Chandigarh, March 11, 2022:  While dealing with an Execution Application, the Punjab and Haryana High Court has held that Section 37(a) of CPC is wide within its ambit that where the decree had been passed in the exercise of the Appellate Jurisdiction then the Court of the first instance is deemed to be included to the Court which passed the decree. 

The Division Bench of Justice G.S. Sandhawalia and Justice Vikas Suri  added, “Rather the power of execution has been widened, not only with the Appellate Court but also the Court of first instance which is the Writ Court and the said provision cannot be read in the manner that the jurisdiction would only lie with the Writ Court and not the Appellate Court.”

The court was dealing with an application under Order 21 Rule 11 read with Section 151 CPC filed by the applicant appellant for compliance of the order dated July 25, 2018, passed by the Co-ordinate Bench.

It was the case of the applicant dependent that he was entitled to be paid full salary from February 12, 2013, till the second-order of his removal from service issued on January 24, 2017, along with other benefits including ACP + entitlement to higher pay-scale. 

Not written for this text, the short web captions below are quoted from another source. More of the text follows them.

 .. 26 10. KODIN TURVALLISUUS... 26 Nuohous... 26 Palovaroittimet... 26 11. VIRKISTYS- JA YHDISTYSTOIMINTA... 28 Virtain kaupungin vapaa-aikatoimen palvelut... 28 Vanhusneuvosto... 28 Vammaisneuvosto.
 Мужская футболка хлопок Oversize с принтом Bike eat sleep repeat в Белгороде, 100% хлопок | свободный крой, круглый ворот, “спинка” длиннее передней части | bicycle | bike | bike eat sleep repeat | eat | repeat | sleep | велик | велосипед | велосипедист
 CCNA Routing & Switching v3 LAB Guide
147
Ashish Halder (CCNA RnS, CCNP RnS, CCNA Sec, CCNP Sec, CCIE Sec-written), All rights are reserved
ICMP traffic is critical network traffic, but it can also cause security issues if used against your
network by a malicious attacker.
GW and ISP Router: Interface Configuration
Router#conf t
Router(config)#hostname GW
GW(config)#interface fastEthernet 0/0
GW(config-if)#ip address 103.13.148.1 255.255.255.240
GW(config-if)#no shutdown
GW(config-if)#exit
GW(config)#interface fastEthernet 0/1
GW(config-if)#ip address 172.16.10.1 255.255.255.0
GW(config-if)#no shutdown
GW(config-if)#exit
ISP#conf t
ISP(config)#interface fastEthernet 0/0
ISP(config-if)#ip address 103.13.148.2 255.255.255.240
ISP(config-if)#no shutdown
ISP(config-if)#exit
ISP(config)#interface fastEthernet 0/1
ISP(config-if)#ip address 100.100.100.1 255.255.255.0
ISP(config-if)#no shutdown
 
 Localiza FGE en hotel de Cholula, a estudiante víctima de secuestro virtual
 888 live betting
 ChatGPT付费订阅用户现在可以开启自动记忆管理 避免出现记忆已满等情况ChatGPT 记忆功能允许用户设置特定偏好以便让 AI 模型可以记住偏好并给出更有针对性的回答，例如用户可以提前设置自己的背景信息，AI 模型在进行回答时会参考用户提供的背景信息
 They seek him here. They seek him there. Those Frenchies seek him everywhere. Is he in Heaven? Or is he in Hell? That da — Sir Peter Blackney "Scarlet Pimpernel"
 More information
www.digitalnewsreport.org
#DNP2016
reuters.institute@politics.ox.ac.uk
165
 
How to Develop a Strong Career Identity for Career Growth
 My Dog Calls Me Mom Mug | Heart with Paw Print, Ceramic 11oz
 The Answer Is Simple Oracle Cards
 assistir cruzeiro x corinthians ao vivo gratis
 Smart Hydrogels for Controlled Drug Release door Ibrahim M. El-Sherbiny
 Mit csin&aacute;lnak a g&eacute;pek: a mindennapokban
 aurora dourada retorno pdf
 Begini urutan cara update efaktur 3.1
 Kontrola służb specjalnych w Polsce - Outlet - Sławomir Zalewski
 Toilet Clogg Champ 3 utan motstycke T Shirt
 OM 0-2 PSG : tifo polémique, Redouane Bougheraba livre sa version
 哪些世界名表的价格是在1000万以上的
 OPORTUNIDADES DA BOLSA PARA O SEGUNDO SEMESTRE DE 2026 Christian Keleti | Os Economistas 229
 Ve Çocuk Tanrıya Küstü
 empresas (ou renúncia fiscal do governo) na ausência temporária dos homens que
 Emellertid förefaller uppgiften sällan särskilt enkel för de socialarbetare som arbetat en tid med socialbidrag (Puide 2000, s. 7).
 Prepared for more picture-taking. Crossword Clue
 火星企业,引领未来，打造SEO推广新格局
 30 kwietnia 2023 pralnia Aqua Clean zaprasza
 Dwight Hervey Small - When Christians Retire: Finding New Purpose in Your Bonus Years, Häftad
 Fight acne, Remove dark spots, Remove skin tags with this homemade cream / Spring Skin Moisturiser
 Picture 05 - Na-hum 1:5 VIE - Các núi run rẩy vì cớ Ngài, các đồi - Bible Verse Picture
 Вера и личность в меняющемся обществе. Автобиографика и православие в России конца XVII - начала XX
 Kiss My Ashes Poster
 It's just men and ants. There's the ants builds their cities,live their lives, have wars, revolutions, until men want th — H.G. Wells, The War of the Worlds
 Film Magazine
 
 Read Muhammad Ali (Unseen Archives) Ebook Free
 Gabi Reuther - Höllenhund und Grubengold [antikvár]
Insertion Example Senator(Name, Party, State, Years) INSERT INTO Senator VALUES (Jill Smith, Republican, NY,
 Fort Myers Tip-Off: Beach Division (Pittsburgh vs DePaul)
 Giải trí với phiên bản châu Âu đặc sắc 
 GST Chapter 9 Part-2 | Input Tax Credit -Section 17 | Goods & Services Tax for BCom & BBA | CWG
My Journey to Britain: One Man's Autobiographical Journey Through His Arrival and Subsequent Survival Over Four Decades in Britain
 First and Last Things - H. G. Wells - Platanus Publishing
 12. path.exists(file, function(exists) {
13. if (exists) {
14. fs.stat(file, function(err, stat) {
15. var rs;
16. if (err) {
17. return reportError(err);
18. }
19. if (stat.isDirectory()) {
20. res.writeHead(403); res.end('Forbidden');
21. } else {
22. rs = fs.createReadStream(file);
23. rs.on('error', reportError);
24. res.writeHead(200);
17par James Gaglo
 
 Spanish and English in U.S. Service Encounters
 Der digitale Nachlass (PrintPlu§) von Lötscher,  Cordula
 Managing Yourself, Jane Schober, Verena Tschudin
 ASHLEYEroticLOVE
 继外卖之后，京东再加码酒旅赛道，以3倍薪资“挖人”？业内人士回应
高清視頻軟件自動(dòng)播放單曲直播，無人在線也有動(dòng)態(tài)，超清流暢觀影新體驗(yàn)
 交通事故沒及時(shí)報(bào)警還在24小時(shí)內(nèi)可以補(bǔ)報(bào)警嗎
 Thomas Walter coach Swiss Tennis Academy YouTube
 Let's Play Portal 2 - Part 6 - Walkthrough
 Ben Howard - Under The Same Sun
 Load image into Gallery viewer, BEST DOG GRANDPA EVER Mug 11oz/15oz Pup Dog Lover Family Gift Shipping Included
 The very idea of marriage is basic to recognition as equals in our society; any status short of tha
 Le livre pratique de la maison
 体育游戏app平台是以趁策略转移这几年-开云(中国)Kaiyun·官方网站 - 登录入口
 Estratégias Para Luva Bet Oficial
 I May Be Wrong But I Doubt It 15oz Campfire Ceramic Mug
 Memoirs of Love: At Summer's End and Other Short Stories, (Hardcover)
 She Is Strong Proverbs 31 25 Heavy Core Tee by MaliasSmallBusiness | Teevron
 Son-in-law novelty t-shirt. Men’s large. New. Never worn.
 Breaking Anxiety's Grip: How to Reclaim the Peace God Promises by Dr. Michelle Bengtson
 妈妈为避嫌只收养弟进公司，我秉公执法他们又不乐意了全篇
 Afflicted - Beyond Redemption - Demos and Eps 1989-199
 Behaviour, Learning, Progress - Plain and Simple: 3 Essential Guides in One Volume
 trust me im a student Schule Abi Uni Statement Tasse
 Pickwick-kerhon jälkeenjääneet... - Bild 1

When the applicant-appellant approached the Single Judge Bench of the High Court with a writ petition, the High Court vide its order quashed the order of removal (dated February 12, 2013) of the appellant from his service. The matter was carried in appeal by the applicant-appellant on the ground that no financial relief was granted in relation to the period in question and neither any direction was issued regarding reinstatement of the appellant in service since another order of removal from service was passed by the respondent-Society. Resultantly, the Co-ordinate Bench noticed that neither the appellant was reinstated in service nor placed under suspension and even the salary was not paid. After submitting the inquiry report, the appellant-writ petitioner had been removed from service vide order during the pendency of the appeal. 

Accordingly,  the co-ordinate bench recorded a finding that he be paid full salary for the period from the date of termination till the date of the second order of removal from service was passed. However, it was the case of the appellant that he was paid only a sum of Rs.15,02,147/- as outstanding salary for the period in question and that the respondent-Council did not calculate the salary as per the recommendations of the 7th Pay Commission from 2016 and if the same was done, the total outstanding salary would have amounted to Rs.31,05,759/-. It was his case that he filed a Contempt Petition and liberty was granted to him to avail his remedy in accordance with the law in case some grievance survived. 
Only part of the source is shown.